La madre di Federico, “Costanza imperadrice”, invece è ricordata nel III canto del Purgatorio ed è Manfredi che, per farsi riconoscere subito da Dante e far capire l’importanza del proprio ruolo e di quello della sua famiglia, si nomina: “Io son Manfredi,/ nepote di Costanza imperadrice”. L’altro passo in cui Costanza è ricordata e collocata tra i beati, dove le anime sono pura luce, è il III canto del Paradiso. “Quest’è la luce de la gran Costanza/ che del secondo vento di Soave/ generò il terzo e l’ultima possanza” (vv. 118/120).

Il marito di Costanza, l’imperatore Enrico VI, è appena ricordato come “secondo vento” (probabilmente per la brevità del suo regno), fecondatore del “terzo e ultima possanza”. Così Federico II di Svevia (Soave), viene riscattato dal suo ruolo di vittima dell’invidia, degli intrighi delle corti e della fama di eretico, ed assurge all’effettivo ruolo storico che ha avuto, “ultima possanza” della dinastia, poiché né il figlio Manfredi né altri imperatori degli Hohenstaufen hanno raggiunto la sua fama e il suo prestigio.

Si può concludere citando con questi antenati di Pietro, da parte di Santa Isabella, sua nonna paterna, l’altro grande imperatore Federico Barbarossa. È un monaco che, per indicare il periodo in cui ha esercitato la sua funzione, afferma: “Io fui abate in San Zeno a Verona/ sotto lo imperio del buon Barbarossa” (Purgatorio, XVIII, vv. 118/119).

Ad avvalorare la tesi che Dante si sia interessato di quei governanti della Sicilia, antenati di Pietro I di Portogallo, marito/amante di Inês, perché rappresentanti di quell’Impero o direttamente legati ad esso, che solo poteva garantire la laicità dello stato e la pace al di là dei “particolari” locali, ne dà conferma il fatto che nelle sue cantiche non fa alcun cenno a Ruggero II e a Ruggero I dei Normanni, padre e nonno della grande Costanza d’Altavilla, che pure hanno lasciato grande ed illustre fama del loro operato.

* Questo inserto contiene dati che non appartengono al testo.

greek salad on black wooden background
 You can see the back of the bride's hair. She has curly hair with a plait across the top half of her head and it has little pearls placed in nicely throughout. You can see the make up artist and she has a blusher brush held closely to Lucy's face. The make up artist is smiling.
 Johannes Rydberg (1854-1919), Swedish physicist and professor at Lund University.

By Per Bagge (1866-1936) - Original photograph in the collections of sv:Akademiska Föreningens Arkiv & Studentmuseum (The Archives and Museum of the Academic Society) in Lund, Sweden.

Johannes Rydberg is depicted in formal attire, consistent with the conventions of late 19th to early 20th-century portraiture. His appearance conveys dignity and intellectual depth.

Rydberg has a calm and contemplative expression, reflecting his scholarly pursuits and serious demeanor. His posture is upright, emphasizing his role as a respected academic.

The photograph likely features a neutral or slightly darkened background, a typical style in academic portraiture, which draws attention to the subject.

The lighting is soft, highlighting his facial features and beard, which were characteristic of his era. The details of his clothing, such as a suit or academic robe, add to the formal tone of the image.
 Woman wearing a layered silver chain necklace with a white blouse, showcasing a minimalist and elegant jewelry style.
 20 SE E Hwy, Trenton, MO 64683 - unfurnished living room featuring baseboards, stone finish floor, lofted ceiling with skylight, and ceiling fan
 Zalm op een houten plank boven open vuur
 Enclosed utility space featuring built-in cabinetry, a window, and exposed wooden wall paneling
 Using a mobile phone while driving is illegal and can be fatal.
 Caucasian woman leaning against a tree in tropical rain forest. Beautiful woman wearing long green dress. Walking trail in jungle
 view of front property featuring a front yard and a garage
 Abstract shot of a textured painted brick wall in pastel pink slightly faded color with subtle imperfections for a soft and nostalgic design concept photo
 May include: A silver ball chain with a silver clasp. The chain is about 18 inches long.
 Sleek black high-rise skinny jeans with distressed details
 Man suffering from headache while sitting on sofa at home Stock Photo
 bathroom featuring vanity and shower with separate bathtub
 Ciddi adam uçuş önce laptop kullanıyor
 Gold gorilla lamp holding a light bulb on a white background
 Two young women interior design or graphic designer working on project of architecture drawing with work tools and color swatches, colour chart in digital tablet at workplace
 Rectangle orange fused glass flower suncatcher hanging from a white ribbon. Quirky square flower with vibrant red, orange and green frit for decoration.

Dai giudizi da lui espressi nei confronti dei discendenti del “buon Barbarossa” e dell’ ”ultima possanza”, Federico di Svevia, emerge un panorama vario di personalità più o meno vittime di passioni, quali l’avarizia, la viltà, la lussuria i cui effetti nefasti ricadranno sulla tragica vicenda dell’infelice Inês, quale vittima espiatrice.

Ma il rapporto tra la vicenda di Inês e la Sicilia non si esaurisce qui. Mezzo secolo dopo la sua morte, una sua diretta discendente, Eleonora, figlia di Sancho di Albuquerque e di Beatrice, figlia, quest’ultima, di Inês e di Pietro I di Portogallo, (ved. R. Bismut, Sur l’influence des “Trovas à morte de Dona Inês de Castro” de Resende dans la Castro de Ferreira, Arquivos do Centro Cultural Português XXII, Fundação Calouste Gulbenkian, Lisboa-Paris, 1986, p. 478), è andata in sposa a Ferdinando I, il giusto, re d’Aragona e di Sicilia. Il loro figlio, Alfonso V, il Magnanimo, 1396/1458, re d’Aragona e di Sicilia, che assumerà il nome di Alfonso I, re di Napoli nel 1442 e, successivamente, di re delle Due Sicilie, è colui che nel 1434 ha istituito l’università di Catania. La sua famiglia, nel bene e nel male, ha continuato a regnare sulla nostra Isola sino al 1700.